[A Critical Examination of Socialism by William Hurrell Mallock]@TWC D-Link book
A Critical Examination of Socialism

CHAPTER VII
15/21

But the fact that even now, when its powers are so strictly limited and its points of direct contact with industrial enterprise are so few, tendencies of the kind develop themselves with such marked practical consequences is enough to show the reality and magnitude of the evils which would ensue if a body, which reflected on the one hand the opinions of the average many, and on the other the individual ability of a few, specially privileged and pledged to their own methods, were the sole controller of all manual labour whatsoever, the virtual owner of all the implements which exist at present, the sole determiner of the forms which such implements shall assume in the future, and also of the kinds and quantities of the consumable goods which the implements and the labourers together shall from day to day produce.
But the nature and scope of the effects which would be incident to any general absorption, such as that contemplated by socialists, of productive enterprise by the state, will be yet more clearly seen if we turn to a kind of production on which I have dwelt already, as affording the simplest and most luminous example possible of the respective parts played in the modern world by ordinary manual labour and the exceptional ability which directs it.

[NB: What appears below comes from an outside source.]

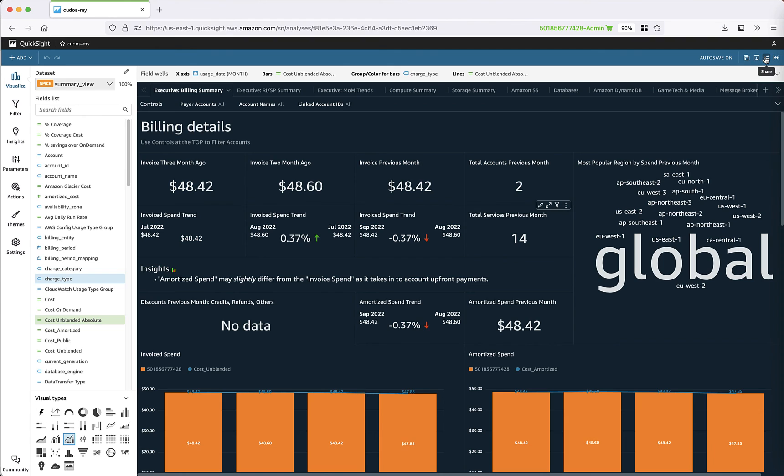Hope you will have a lot of fun modifying these dashboards and customizing them for your needs. Thank you so much for watching. Have a good one. Bye.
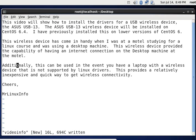Hello. Today we're going to do a video installing the drivers for a USB wireless device. This video will show how to install the drivers for a USB wireless device, the ASUS USB 13.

This is the case of books, or of other printed publications.

Many years ago the English radical Charles Bradlaugh urged in a debate with a then prominent socialist that under socialism no literary expression of free thought would be practicable, and I cannot do more than accentuate his lucid and unanswerable arguments.

The state, being controller of all the implements of production, a private press would be as illegal as the dies used by a forger.

Nobody could issue a book, a newspaper, or even a leaflet, unless the use of a state press were allowed him by the state authorities, together with the disposal of the labour of the requisite number of compositors.